社会のデジタル化に伴って、膨大なデータの収集等が可能となり、その保護や利活用の重要性が高まってきています。またより広くサイバー空間でのセキュリティ対策も重要な課題となっています。こうしたことを背景に整備されてきた、データの利活用やサイバーセキュリティの確保に関する法制度について、簡単にまとめておきたいと思います。
データの保護・活用に関する法制度の展開
基本法の制定
ネットワークの安全性の確保や個人情報の保護については、2000年のIT基本法においても基本方針の一つとして掲げられていました(第22条)が、その後、デジタル化の進展による新たな課題として、ビッグデータの利活用やサイバーセキュリティの課題への対応の必要性が生じてきたことを受けて、「サイバーセキュリティ基本法」「官民データ活用推進基本法」が制定されました。

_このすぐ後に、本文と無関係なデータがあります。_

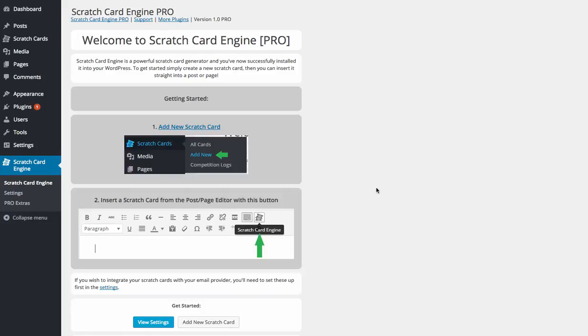Hey there JVs, Jamie and David here and welcome to this video on Scratch Engine Pro.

また、2021年のデジタル社会形成基本法においては、サイバーセキュリティの確保に関する規定(第33条)のほか、情報の活用の重要性を踏まえた規定(第3条、第23条、第30条等)が数多く置かれています。
◯IT基本法(2000年)
◯サイバーセキュリティ基本法(2014年)
◯官民データ活用推進基本法(2016年)
◯デジタル社会形成基本法(2021年)
◯デジタル社会形成基本法(令和三年法律第三十五号)
(全ての国民が情報通信技術の恵沢を享受できる社会の実現)
第三条 デジタル社会の形成は、全ての国民が、高度情報通信ネットワークを容易にかつ主体的に利用するとともに、情報通信技術を用いた情報の活用を行うことにより、デジタル社会におけるあらゆる活動に参画し、個々の能力を創造的かつ最大限に発揮することが可能となり、もって情報通信技術の恵沢をあまねく享受できる社会が実現されることを旨として、行われなければならない。
データの保護・活用に関する法律の整備
データの保護については、個人情報保護法、著作権法、不正競争防止法などによって、個人情報、著作物、営業秘密等に関するデータの保護が図られてきています。

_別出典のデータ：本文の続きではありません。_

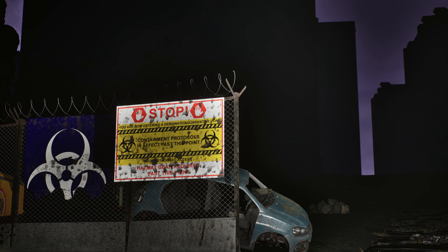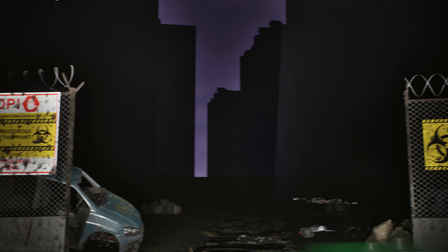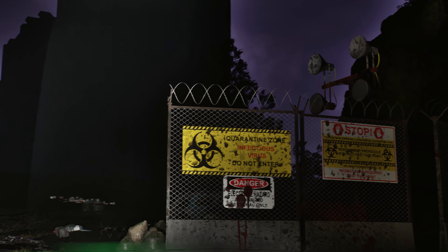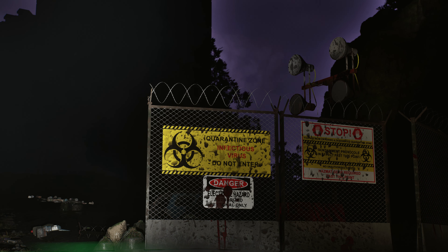The old quarantine zone. They won't follow me in here. Heard a lot of stories about this place. None of them good.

一方、データの利活用については、2015年に個人情報保護法が改正され、「匿名加工情報」の制度が創設され、一定の匿名加工を行うことでビッグデータとしての利活用が可能となりました。さらに、個人情報保護の制度については、個人情報保護法、行政機関個人情報保護法、独立行政法人等個人情報保護法という三本立てになっていたほか、各地方自治体の個人情報保護条例があり、それぞれの規定や運用が異なるという、いわゆる「2000個問題」が生じていましたが、これらの課題に対応して、三本の法律を一元化する個人情報保護法の改正が、2021年に行われています。なお、個人情報保護の関係では、「特定個人情報」の取扱い等を定めるマイナンバー法は、個人情報保護法の特別法となります。

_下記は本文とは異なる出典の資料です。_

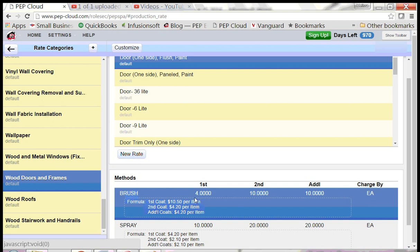Now look at the other columns. This production rate says that on the first coat, I should be able to paint four doors in one hour. My labor pricing is set to $42 an hour. $42 divided by 4 equals $10.50 per door on the first coat of paint, and you can see that in this formula here.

また、2018年の不正競争防止法改正で、ビッグデータを想定した「限定提供データ」の保護の制度が創設されています。
◯著作権法(1970年)
◯著作権法改正(プログラムの著作権の保護)(1985年)
◯不正競争防止法(1993年)
◯著作権法改正(インターネット等での送信可能化権の保護)(1997年)
◯個人情報保護法(2003年)
◯マイナンバー法(2013年)
◯個人情報保護法改正(匿名加工情報制度の創設)(2015年)
◯個人情報保護法改正(三本の法律の一元化)(2021年)
◯不正競争防止法改正(限定提供データ制度の創設)(2018年)
◯著作権法改正(日本版フェアユース規定)(2018年)
サイバーセキュリティに関する法律の整備
サイバーセキュリティに関しては、コンピューターやシステムに不正に侵入する行為を禁止する「不正アクセス禁止法」が重要な役割を果たしているほか、迷惑メールやチェーンメールを規制する「特定電子メール法」なども制定されています。
また、2011年には、コンピュータ・ウイルスの作成、提供、供用、取得、保管行為を対象とする「不正指令電磁的記録に関する罪」を定める刑法の改正が行われています。
サイバーセキュリティに関する法制度は、総務省のHPにもまとめられていますので、ご参照いただければと思います。
◯不正アクセス禁止法(1999年)
◯刑法改正(不正指令電磁的記録に関する罪等の創設)(2011年)
◯特定電子メール法(2002年)
最近の動き
昨年の通常国会で、警察法が改正され、警察庁にサイバー警察局が新設されています。また、国家公安委員会と警察庁の所掌事務に、重大サイバー事案に対処するための事務が追加されています。